L'échec de la tentative d'indépendance de Cheikh Ubeydullah contribue à renforcer l'ingérence des puissances occidentales au Moyen-Orient : le Royaume-Uni et la France établissent un contrôle accru sur l'Empire ottoman tandis que les États-Unis envoient pour la première fois un ambassadeur en Perse[1].

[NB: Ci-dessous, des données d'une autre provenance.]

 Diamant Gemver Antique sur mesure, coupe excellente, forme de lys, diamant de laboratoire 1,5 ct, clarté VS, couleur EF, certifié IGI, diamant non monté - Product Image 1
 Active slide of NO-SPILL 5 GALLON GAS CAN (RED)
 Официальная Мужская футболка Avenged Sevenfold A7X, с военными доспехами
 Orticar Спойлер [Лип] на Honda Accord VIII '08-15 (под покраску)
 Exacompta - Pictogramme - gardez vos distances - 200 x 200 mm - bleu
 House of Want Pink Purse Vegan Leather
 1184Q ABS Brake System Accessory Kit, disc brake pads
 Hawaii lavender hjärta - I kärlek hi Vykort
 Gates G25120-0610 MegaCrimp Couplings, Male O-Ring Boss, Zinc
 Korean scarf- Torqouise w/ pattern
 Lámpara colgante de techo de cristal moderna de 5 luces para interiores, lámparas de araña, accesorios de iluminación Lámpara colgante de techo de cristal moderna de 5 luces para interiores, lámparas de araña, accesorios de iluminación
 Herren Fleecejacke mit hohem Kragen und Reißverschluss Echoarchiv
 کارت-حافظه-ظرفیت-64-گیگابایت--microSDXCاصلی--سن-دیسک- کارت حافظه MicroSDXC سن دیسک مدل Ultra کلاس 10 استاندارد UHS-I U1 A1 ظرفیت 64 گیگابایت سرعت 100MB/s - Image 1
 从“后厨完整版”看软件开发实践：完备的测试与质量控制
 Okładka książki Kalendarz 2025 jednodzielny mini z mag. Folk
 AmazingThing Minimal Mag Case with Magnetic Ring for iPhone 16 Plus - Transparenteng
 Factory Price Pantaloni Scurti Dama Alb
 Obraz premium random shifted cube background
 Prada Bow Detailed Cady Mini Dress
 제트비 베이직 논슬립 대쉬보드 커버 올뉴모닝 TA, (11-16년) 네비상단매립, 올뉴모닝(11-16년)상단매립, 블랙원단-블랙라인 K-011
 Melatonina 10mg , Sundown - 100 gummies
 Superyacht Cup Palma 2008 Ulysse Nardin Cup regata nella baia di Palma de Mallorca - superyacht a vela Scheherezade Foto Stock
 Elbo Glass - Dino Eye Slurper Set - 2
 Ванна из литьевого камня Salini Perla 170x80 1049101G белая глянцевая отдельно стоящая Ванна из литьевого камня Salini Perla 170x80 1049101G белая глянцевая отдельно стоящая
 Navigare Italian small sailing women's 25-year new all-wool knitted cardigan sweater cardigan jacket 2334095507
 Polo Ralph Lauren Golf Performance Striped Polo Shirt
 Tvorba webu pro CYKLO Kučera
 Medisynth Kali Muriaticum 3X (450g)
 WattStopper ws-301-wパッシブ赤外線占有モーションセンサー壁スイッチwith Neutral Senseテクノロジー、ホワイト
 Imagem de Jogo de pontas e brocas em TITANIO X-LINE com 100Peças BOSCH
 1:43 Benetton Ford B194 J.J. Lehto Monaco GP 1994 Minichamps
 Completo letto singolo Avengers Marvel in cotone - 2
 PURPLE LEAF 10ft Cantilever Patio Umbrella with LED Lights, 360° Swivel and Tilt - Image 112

Dans les années 1920, ses descendants joueront un rôle important dans l'émergence du mouvement national kurde, notamment son fils Cheikh Abdel Kader, et son neveu Sayyid Taha[1].

Notes et références

  1. Chris Kutschera, Le Mouvement national kurde, Flammarion, 1979, p. 17-18
  2. (en) Robert Olson, The Emergence of Kurdish Nationalism and the Sheikh Said Rebellion, 1880–1925, University of Texas, 1989
  3. Cité par Robert Olson, The Emergence of Kurdish Nationalism and the Sheikh Said Rebellion, 1880–1925, University of Texas, 1989

Voir aussi

Bibliographie

  • Chris Kutschera, Le Mouvement national kurde, Paris, Flammarion, coll. « L'Histoire vivante », , 393 p. (ISSN 0335-3249, OCLC 469932075).
  • (en) Robert Olson, The Emergence of Kurdish Nationalism and the Sheikh Said Rebellion, 1880–1925, University of Texas, 1989.